Persecuciones, apaleamientos, encarcelamientos y sanciones económicas siguieron a esta manifestación, pero nada podía quebrar ya el impulso lanzado por Gandhi. Su cruzada africana terminó en 1914 con una victoria casi total. Gandhi podía, al fin, regresar a su patria. Tenía entonces cuarenta y un años.
El hijo pródigo que volvía a su país no tenía nada en común con el joven y tímido abogado que, veintiún años antes, había desembarcado en África del Sur. En esta tierra inhóspita había descubierto a sus tres maestros: Ruskin, Thoreau y Tólstoi, un inglés, un americano y un ruso. Sus enseñanzas y las duras experiencias vividas en medio de sus compatriotas le habían permitido elaborar las dos doctrinas —la no violencia y la desobediencia civil— gracias a las cuales humillaría durante los treinta años siguientes al imperio más poderoso del mundo.

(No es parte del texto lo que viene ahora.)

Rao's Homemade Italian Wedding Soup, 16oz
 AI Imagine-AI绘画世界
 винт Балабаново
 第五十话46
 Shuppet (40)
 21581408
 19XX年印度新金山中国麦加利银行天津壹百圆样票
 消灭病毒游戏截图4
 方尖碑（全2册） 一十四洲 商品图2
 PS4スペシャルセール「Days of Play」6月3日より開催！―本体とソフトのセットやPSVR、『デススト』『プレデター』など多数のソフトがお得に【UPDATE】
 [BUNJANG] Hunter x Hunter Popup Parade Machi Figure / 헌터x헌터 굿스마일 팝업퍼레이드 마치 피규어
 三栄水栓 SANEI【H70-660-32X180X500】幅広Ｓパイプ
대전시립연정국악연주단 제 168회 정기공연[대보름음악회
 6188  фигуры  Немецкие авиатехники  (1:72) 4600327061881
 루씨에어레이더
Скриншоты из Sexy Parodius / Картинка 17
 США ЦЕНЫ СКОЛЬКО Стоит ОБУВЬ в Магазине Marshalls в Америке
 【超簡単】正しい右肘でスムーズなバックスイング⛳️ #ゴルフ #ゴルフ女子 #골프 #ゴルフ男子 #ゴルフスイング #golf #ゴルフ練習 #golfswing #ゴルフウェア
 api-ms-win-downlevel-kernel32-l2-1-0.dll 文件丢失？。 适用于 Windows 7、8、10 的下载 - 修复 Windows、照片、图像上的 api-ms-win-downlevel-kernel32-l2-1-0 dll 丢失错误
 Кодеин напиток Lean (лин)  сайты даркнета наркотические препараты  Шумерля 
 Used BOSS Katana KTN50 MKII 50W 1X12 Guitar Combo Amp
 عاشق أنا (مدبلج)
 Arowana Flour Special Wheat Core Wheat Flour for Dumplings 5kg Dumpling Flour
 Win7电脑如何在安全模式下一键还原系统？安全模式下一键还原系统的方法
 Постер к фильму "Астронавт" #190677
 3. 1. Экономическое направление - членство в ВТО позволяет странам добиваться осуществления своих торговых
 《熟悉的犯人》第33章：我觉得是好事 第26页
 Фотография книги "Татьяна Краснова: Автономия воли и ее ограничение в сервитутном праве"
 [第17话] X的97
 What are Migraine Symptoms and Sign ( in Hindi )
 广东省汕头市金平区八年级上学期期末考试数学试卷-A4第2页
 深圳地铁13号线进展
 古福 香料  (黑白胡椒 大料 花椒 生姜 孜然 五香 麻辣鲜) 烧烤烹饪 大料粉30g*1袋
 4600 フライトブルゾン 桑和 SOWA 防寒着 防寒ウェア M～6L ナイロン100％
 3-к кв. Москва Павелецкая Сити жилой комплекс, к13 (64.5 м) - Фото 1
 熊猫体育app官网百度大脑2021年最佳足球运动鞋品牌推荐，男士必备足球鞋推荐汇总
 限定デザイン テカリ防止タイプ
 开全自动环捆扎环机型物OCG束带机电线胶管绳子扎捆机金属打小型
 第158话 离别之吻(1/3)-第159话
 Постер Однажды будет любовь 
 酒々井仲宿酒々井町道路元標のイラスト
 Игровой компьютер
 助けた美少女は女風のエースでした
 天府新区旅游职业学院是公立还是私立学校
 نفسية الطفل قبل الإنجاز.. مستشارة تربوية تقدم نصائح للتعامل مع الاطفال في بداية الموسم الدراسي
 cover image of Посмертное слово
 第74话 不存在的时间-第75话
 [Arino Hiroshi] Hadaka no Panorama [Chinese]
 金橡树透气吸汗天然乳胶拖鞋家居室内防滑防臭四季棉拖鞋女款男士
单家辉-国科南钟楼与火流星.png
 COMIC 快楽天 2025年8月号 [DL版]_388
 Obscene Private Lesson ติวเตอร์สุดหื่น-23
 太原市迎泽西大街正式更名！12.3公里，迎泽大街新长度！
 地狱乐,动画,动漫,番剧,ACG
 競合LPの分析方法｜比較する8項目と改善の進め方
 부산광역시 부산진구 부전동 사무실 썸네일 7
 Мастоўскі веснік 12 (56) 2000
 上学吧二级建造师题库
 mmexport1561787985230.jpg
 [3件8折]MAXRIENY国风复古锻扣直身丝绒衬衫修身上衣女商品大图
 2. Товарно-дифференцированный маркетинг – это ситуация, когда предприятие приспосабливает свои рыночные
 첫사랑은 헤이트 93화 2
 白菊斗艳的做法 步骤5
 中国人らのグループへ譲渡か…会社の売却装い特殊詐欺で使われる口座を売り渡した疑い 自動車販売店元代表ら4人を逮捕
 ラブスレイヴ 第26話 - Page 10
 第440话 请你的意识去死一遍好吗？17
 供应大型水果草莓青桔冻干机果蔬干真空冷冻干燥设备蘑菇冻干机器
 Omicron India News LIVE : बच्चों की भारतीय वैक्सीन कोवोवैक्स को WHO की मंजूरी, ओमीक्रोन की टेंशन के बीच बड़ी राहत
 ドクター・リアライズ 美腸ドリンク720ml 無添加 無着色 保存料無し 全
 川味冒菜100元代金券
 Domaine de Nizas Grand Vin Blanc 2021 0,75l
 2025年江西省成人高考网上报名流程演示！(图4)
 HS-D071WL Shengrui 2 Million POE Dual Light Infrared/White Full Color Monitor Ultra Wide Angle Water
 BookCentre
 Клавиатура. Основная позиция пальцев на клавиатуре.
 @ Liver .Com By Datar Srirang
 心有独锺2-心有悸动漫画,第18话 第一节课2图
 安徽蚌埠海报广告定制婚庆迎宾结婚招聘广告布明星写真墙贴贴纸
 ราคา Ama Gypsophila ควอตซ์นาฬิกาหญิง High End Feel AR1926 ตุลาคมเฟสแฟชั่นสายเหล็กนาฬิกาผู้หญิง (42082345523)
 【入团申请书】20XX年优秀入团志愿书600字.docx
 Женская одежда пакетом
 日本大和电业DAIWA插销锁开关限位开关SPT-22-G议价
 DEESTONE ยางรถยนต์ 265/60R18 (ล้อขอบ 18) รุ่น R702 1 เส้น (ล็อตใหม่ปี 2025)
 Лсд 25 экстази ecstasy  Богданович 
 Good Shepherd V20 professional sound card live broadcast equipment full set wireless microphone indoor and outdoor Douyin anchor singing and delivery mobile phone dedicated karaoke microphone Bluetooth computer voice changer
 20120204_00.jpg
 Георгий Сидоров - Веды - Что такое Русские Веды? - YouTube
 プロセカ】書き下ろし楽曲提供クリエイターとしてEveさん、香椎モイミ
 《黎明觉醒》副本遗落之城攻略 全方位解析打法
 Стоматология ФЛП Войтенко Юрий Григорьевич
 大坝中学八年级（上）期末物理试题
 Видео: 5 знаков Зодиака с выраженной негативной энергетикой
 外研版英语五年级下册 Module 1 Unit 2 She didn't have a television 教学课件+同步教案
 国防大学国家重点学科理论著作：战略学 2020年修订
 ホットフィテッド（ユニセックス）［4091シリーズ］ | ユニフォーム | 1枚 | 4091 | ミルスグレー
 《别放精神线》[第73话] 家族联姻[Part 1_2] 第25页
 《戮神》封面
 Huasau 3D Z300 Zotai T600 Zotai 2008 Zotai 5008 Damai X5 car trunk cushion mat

En Bombay, el 9 de enero de 1915, una enorme multitud le dispensó un recibimiento de héroe cuando su frágil silueta pasó bajo el arco imperial de la Puerta de la India. Su hatillo no contenía más que una sola riqueza: un grueso fajo de cuartillas cubiertas con su letra menuda. El título de la obra, Hind Swaraj (Autonomía de la India), revelaba que, para Gandhi, África no había sido más que un campo de maniobras antes de la verdadera batalla de su vida.
Gandhi se instaló cerca de la ciudad industrial de Ahmedabad, a orillas del río Sabarmati. Fundó en ella un ashram, una granja comunitaria a imagen de las que había creado en África del Sur. Como siempre, sus preocupaciones le orientaron primeramente hacia el auxilio a los débiles y los oprimidos. Organizó la resistencia de los pequeños plantadores de añil de Bihar contra las exacciones de los grandes propietarios británicos, la huelga del impuesto de los campesinos de la región de Bombay arruinados por la sequía, el combate de los obreros de las fábricas textiles de Ahmedabad contra los patronos, cuyas aportaciones financieras suministraban, sin embargo, a su ashram los medios de existencia. Era la primera vez que un líder se inclinaba sobre las desgracias de las masas miserables de la India. Muy pronto, Rabindranath Tagore, el gran poeta indio laureado con el premio Nobel, le confirió el título que habría de llevar durante el resto de su vida: «Mahatma, la Gran Alma, vestida con los harapos de los mendigos».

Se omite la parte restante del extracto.